# EXERCISE GOAL
The following data has a line with "Damen Sweatshirt Oceans" and a line with "Topeak Defender XC1 / XC11 - MTB Mudguard Set 8". Write out exactly those lines and all the lines between them.

RECORDS PROVIDED START

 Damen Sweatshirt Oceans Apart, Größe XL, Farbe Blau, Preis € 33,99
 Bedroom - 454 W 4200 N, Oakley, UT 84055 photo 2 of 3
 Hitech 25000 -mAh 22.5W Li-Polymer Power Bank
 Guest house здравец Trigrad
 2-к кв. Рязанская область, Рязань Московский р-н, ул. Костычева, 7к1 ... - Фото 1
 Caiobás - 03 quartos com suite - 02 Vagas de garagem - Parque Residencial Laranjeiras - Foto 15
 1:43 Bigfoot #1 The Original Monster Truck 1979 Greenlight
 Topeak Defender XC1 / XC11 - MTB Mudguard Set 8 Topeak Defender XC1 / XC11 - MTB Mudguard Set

RECORDS PROVIDED END
RECORDS PROVIDED START

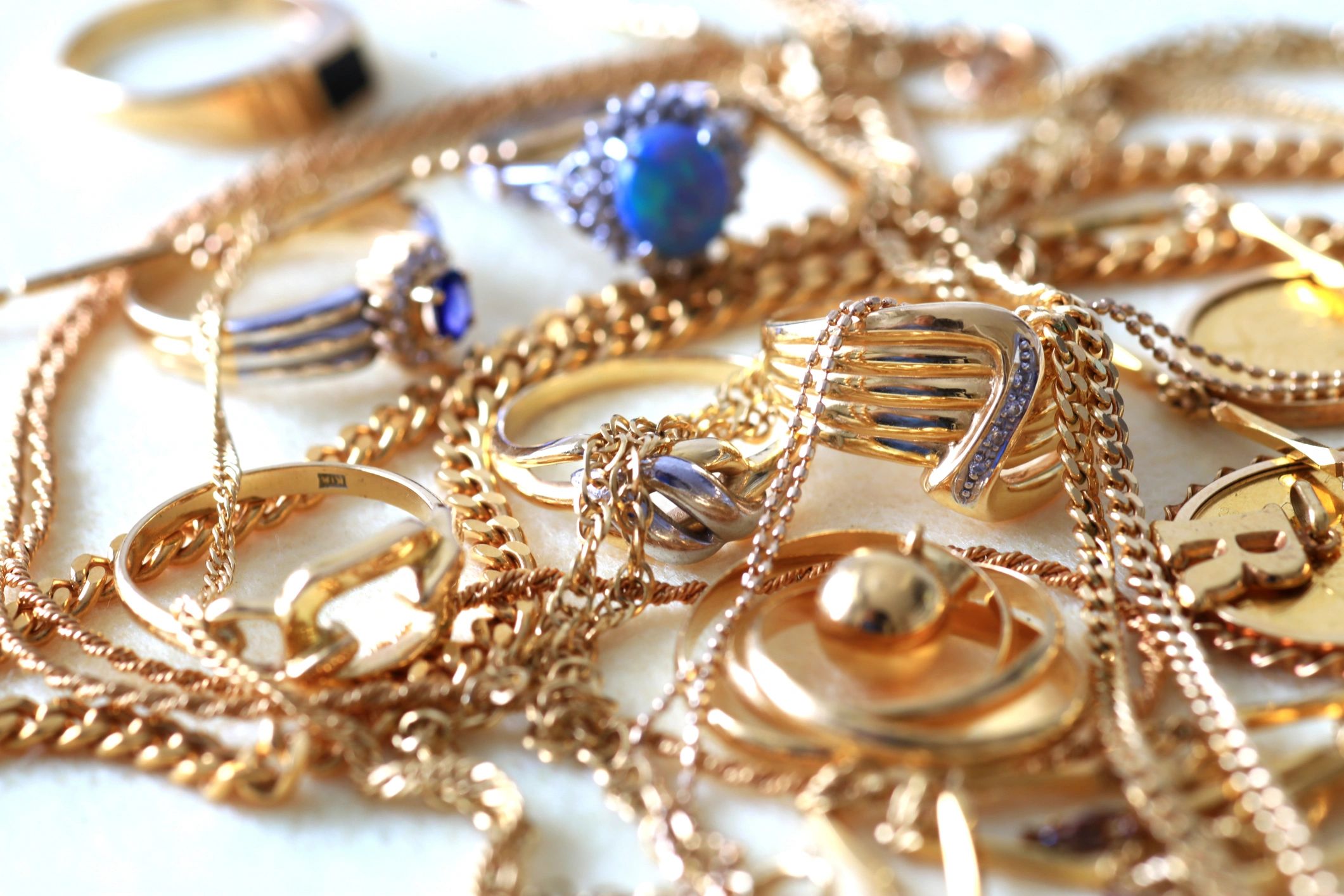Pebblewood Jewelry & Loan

RECORDS PROVIDED END

# TASK RESPONSE
 Damen Sweatshirt Oceans Apart, Größe XL, Farbe Blau, Preis € 33,99
 Bedroom - 454 W 4200 N, Oakley, UT 84055 photo 2 of 3
 Hitech 25000 -mAh 22.5W Li-Polymer Power Bank
 Guest house здравец Trigrad
 2-к кв. Рязанская область, Рязань Московский р-н, ул. Костычева, 7к1 ... - Фото 1
 Caiobás - 03 quartos com suite - 02 Vagas de garagem - Parque Residencial Laranjeiras - Foto 15
 1:43 Bigfoot #1 The Original Monster Truck 1979 Greenlight
 Topeak Defender XC1 / XC11 - MTB Mudguard Set 8 Topeak Defender XC1 / XC11 - MTB Mudguard Set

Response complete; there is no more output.